Argued February 28, 1978 Decided June 14, 1978
- Full case name: Exxon Corp. et al. v. Governor of Maryland et al.
- Citations: 437 U.S. 117 (more) 98 S. Ct. 2207; 57 L. Ed. 2d 91

Case history
- Prior: 279 Md. 410, 370 A.2d 1102, 372 A.2d 237 (1977); probable jurisdiction noted, 434 U.S. 814 (1977).
- Subsequent: Rehearing denied, 439 U.S. 884 (1978).

Holding
- Maryland can prohibit oil producers and refiners from operating gas stations within its borders.

Court membership
- Chief Justice Warren E. Burger Associate Justices William J. Brennan Jr. · Potter Stewart Byron White · Thurgood Marshall Harry Blackmun · Lewis F. Powell Jr. William Rehnquist · John P. Stevens

Case opinions
- Majority: Stevens, joined by Burger, Brennan, Stewart, White, Marshall, Rehnquist
- Concur/dissent: Blackmun
- Powell took no part in the consideration or decision of the case.

Laws applied
- Due Process Clause

= Exxon Corp. v. Governor of Maryland =

Exxon Corp. v. Governor of Maryland, 437 U.S. 117 (1978), was a case in which the Supreme Court of the United States upheld a Maryland law prohibiting oil producers and refiners from operating service stations within its borders. The challengers, including Exxon, claimed that the law violated the Dormant Commerce Clause. Justice Stevens wrote for the majority, which disagreed with Exxon et al.: "Since Maryland's entire gasoline supply flows in interstate commerce and since there are no local producers or refiners, such claims of disparate treatment between interstate and local commerce would be meritless." Exxon challenged the Maryland statute in Circuit Court which ruled the statute invalid. The Maryland Court of Appeals reversed the ruling.

==Background==
Maryland found that companies controlling both the production and distribution of oil were receiving preferential treatment from oil refineries through favorable purchasing rates. To combat this type of business, Maryland passed a law that prohibited producers or refiners from operating gasoline stations in Maryland, and required producers and refiners extend temporary price cuts to the stations they supplied.

==Questions before the Court==
(1) Does Maryland's statute prohibiting the control of both the production and distribution of oil violate the Due Process and Commerce Clauses of the Constitution?

(2) Does Maryland's statute conflict with the Robinson-Patman Act?

==The Decision of the Court==

In a 7-1 decision in favor of the defendant, Justice Stevens wrote for the majority. The Court held that the statute passed by Maryland does not (1) discriminate against interstate dealers (2) prohibit the flow of interstate goods (3) place added cost on them (4) or distinguish between in-state or out-of-state retailers.

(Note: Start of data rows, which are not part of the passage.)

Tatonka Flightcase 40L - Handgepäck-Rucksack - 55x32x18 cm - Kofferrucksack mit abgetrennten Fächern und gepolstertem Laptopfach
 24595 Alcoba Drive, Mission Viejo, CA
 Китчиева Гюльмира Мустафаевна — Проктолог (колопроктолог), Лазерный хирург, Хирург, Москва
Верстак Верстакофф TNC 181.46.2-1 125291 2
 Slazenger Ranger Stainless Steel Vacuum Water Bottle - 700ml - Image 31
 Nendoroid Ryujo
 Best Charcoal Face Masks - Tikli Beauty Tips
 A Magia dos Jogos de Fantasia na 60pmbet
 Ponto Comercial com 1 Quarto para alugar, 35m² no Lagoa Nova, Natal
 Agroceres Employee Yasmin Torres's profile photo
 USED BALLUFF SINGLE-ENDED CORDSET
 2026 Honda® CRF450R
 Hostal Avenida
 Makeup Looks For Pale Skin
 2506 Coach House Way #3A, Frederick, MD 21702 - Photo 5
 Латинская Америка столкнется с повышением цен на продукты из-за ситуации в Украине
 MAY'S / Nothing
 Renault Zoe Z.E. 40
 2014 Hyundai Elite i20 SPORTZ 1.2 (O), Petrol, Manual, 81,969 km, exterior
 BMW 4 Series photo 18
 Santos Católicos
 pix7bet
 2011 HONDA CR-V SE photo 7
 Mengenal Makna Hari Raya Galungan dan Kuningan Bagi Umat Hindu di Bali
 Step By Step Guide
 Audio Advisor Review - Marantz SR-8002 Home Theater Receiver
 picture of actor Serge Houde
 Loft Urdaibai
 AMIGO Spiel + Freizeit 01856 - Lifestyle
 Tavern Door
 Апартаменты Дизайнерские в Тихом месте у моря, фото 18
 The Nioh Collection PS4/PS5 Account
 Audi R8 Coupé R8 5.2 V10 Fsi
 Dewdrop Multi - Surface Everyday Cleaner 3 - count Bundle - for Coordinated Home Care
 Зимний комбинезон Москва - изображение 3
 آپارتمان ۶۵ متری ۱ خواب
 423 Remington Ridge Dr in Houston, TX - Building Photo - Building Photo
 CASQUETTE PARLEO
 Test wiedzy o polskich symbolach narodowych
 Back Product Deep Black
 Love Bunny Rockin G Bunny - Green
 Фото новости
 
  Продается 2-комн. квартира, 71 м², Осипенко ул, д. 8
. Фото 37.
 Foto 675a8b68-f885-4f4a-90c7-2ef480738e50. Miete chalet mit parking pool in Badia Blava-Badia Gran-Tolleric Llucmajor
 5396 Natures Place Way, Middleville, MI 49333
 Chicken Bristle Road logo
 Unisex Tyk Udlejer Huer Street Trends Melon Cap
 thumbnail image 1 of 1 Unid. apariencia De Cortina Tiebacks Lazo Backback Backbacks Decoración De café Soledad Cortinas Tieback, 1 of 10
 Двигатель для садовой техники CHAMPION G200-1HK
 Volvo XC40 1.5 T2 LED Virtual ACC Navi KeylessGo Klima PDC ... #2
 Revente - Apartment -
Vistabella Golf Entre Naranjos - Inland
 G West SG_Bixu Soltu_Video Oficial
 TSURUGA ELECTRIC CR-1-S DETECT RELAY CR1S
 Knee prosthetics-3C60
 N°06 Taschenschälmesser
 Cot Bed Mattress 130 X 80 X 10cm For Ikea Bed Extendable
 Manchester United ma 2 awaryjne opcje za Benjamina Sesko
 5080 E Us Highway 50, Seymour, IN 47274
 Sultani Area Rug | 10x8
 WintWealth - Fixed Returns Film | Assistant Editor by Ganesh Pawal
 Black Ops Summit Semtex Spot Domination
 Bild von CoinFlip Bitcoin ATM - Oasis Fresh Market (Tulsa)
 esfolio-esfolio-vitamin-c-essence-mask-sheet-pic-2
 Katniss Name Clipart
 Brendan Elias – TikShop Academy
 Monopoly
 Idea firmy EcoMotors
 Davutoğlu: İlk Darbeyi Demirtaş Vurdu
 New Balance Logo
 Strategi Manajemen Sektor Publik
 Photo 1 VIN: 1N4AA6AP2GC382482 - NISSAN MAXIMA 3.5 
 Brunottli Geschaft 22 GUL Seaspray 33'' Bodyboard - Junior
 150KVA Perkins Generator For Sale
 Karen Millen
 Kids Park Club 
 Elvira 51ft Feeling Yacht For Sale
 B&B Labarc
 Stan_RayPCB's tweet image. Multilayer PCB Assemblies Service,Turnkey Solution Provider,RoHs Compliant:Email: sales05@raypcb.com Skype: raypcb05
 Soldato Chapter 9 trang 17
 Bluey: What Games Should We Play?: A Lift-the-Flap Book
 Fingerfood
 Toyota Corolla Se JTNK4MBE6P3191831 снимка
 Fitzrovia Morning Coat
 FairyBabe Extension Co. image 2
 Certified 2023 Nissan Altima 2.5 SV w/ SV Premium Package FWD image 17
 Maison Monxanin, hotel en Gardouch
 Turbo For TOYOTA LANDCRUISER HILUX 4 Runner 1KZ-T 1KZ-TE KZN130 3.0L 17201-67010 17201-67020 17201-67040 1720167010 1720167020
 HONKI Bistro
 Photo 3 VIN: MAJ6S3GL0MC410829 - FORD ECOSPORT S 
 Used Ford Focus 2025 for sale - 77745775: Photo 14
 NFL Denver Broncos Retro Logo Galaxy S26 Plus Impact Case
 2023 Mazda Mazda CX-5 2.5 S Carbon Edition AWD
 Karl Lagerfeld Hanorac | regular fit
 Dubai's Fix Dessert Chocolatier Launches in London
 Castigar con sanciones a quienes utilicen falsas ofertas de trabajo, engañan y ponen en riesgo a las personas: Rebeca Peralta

The absence of any of these factors fully distinguishes this case from Hunt v. Washington Apple Commission. The Court held that the regulation was constitutional despite huge extraterritorial effects of the regulation, less burdensome options available to the state, and no legitimate state interest apart from a desire for cheaper oil. This case is an exception to the rules set forth in Pike v. Bruce Church, Inc.. Justice Blackmun, with the only vote in favor of Exxon, wrote the dissenting opinion for the court.